> [EXERCISE]: Each entry should be transcribed exactly as written, and any picture left out.

[Short text fragments from websites]

BEGIN

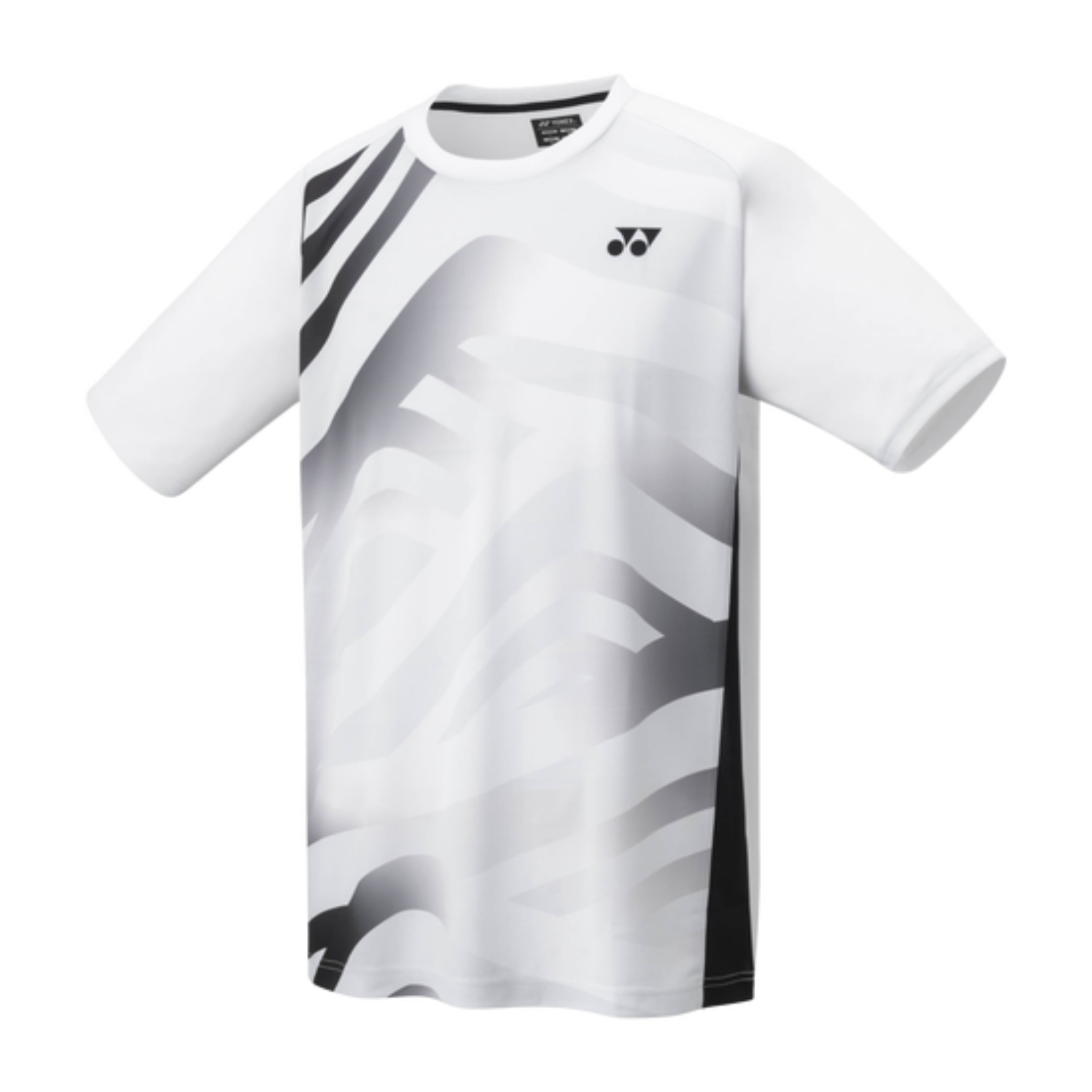 Yonex T-shirt 16692EX White 4315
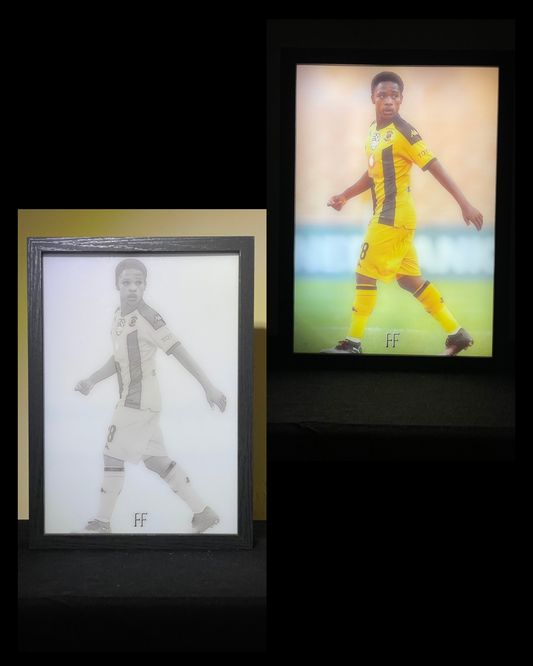 MFUNDO VILAKAZI - NEDBANK CUP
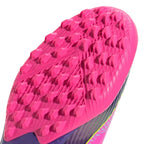 adidas F50 League Laceless "Lamine Yamal" Turf Shoes
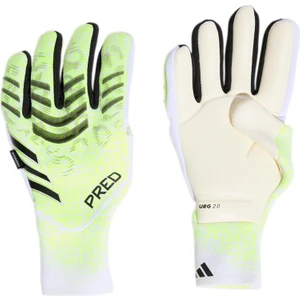 Yeşil  Kaleci Eldiveni PRED GL PRO FS JN5354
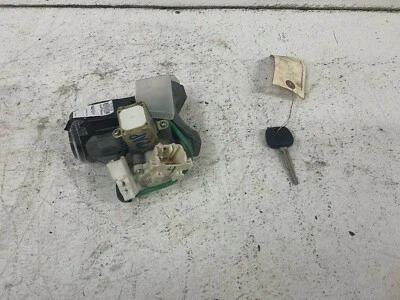 Interruptor de encendido Toyota Sienna 2004-2010 con bloqueo de llave cilindro vaso inmovilizador  Foto 1 de 4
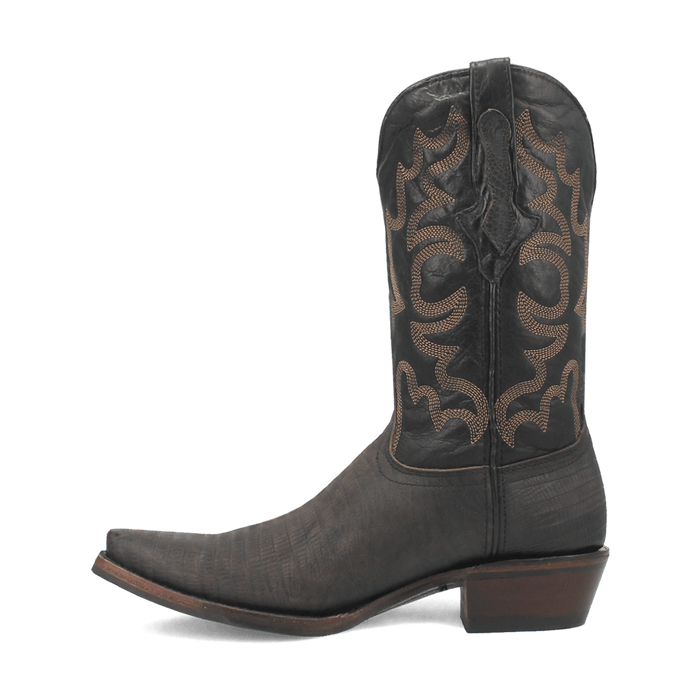 Men's Dingo The Duke Western Boots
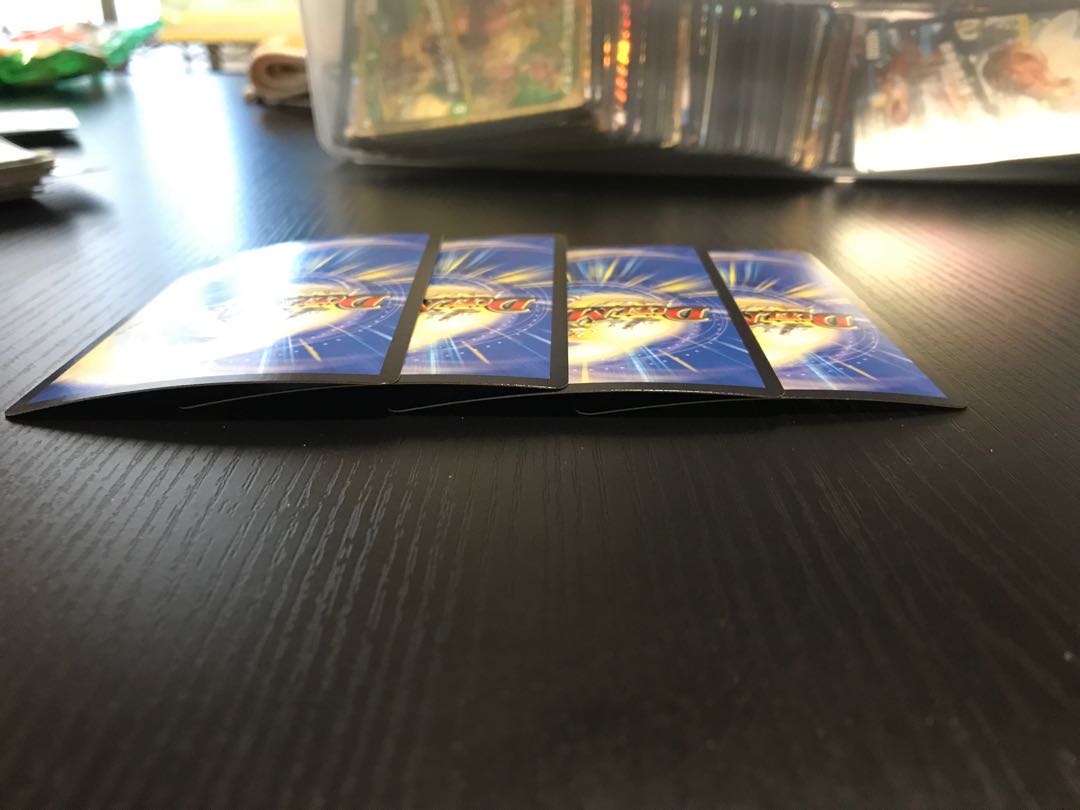 「貪」の鬼 バクロ法師 VR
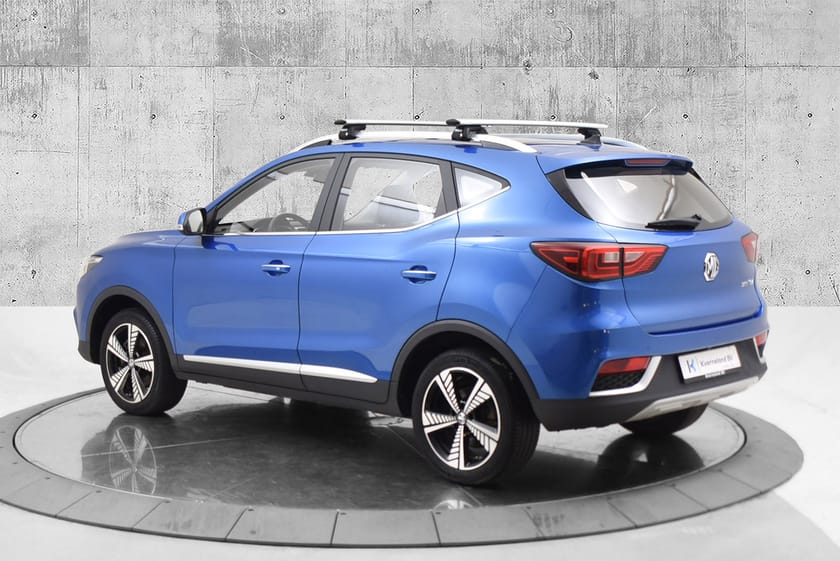 Bilde 2 av MG ZS EV 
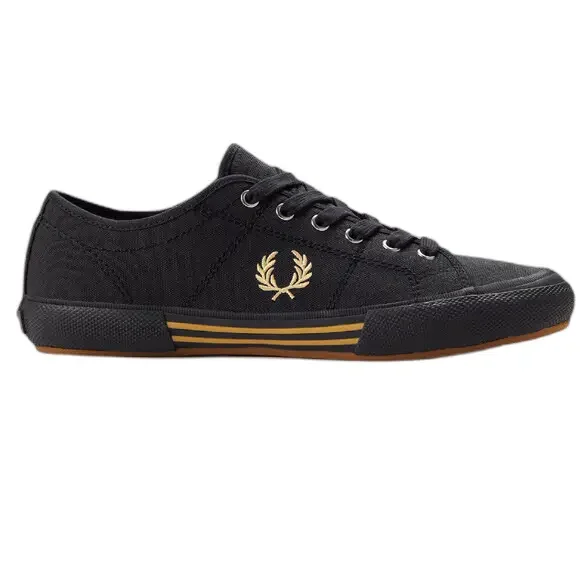 Fred Perry Baskets Fred Perry B708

END

> [SOLVED EXERCISE]:
 Yonex T-shirt 16692EX White 4315
 MFUNDO VILAKAZI - NEDBANK CUP
 adidas F50 League Laceless "Lamine Yamal" Turf Shoes
 Yeşil  Kaleci Eldiveni PRED GL PRO FS JN5354
 Interruptor de encendido Toyota Sienna 2004-2010 con bloqueo de llave cilindro vaso inmovilizador  Foto 1 de 4
 Men's Dingo The Duke Western Boots
 「貪」の鬼 バクロ法師 VR
 Bilde 2 av MG ZS EV 
 Fred Perry Baskets Fred Perry B708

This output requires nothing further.